Source data
★ ★ ★ ★ ★
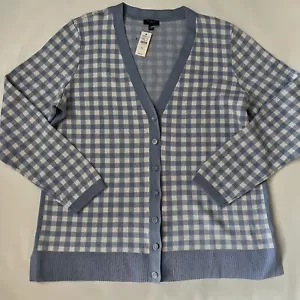 Talbots Petites Large Blue Checkered Button Up Women’s Sweater NWT - Picture 1 of 5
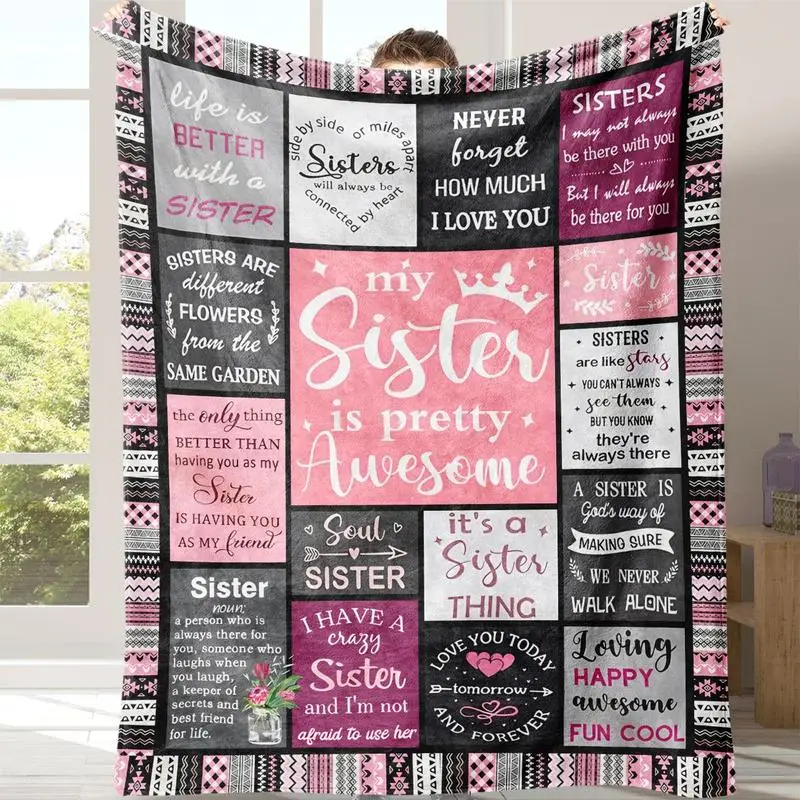 

Sisterly Love Pattern Inspirational Blanket with Storage Bag, 1 Count Multifunctional Throw Blanket, Warm Nap Blanket for Home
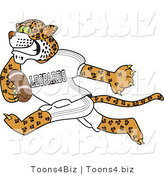 Vector Illustration of a Cartoon Leopard Mascot Playing Football by Mascot Junction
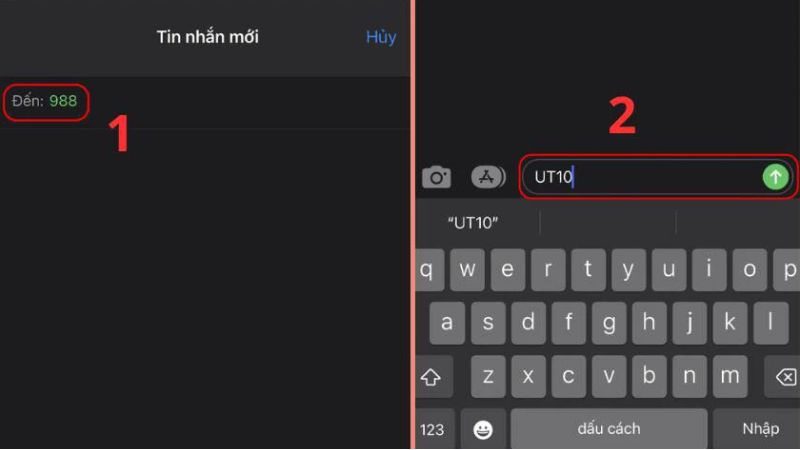 sử dụng cú pháp UT gửi 988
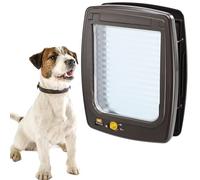 Ferplast Swing 11 Universal Cat Flap for Dogs and Cats - 4 Selectable Closing Modes - Wind-Stopper System - Closing Shock Absorber - Magnetic Anti-Oscillation - Transparent Door - Brown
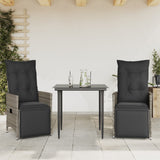 Reclining Garden Chairs 2 pcs with Cushions Grey Poly Rattan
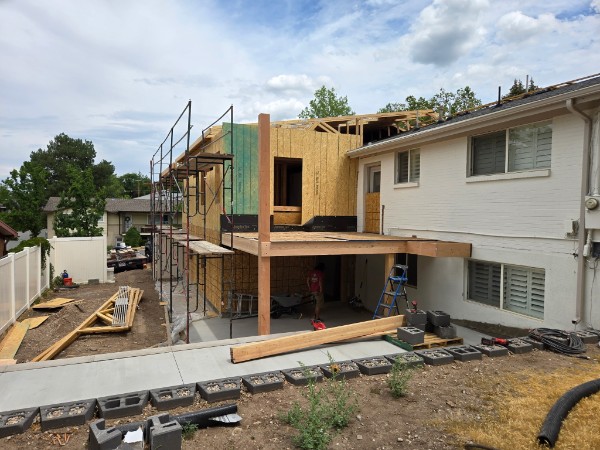S&N Construction addition framing in progress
★ ★ ★ ★ ★
**REQUIRED WORK**. Go through the records above and write out every line exactly, passing over the pictures.

**ANSWER BOX**.
 Talbots Petites Large Blue Checkered Button Up Women’s Sweater NWT - Picture 1 of 5

Sisterly Love Pattern Inspirational Blanket with Storage Bag, 1 Count Multifunctional Throw Blanket, Warm Nap Blanket for Home
 Vector Illustration of a Cartoon Leopard Mascot Playing Football by Mascot Junction
 sử dụng cú pháp UT gửi 988
 Ferplast Swing 11 Universal Cat Flap for Dogs and Cats - 4 Selectable Closing Modes - Wind-Stopper System - Closing Shock Absorber - Magnetic Anti-Oscillation - Transparent Door - Brown
 Reclining Garden Chairs 2 pcs with Cushions Grey Poly Rattan
S&N Construction addition framing in progress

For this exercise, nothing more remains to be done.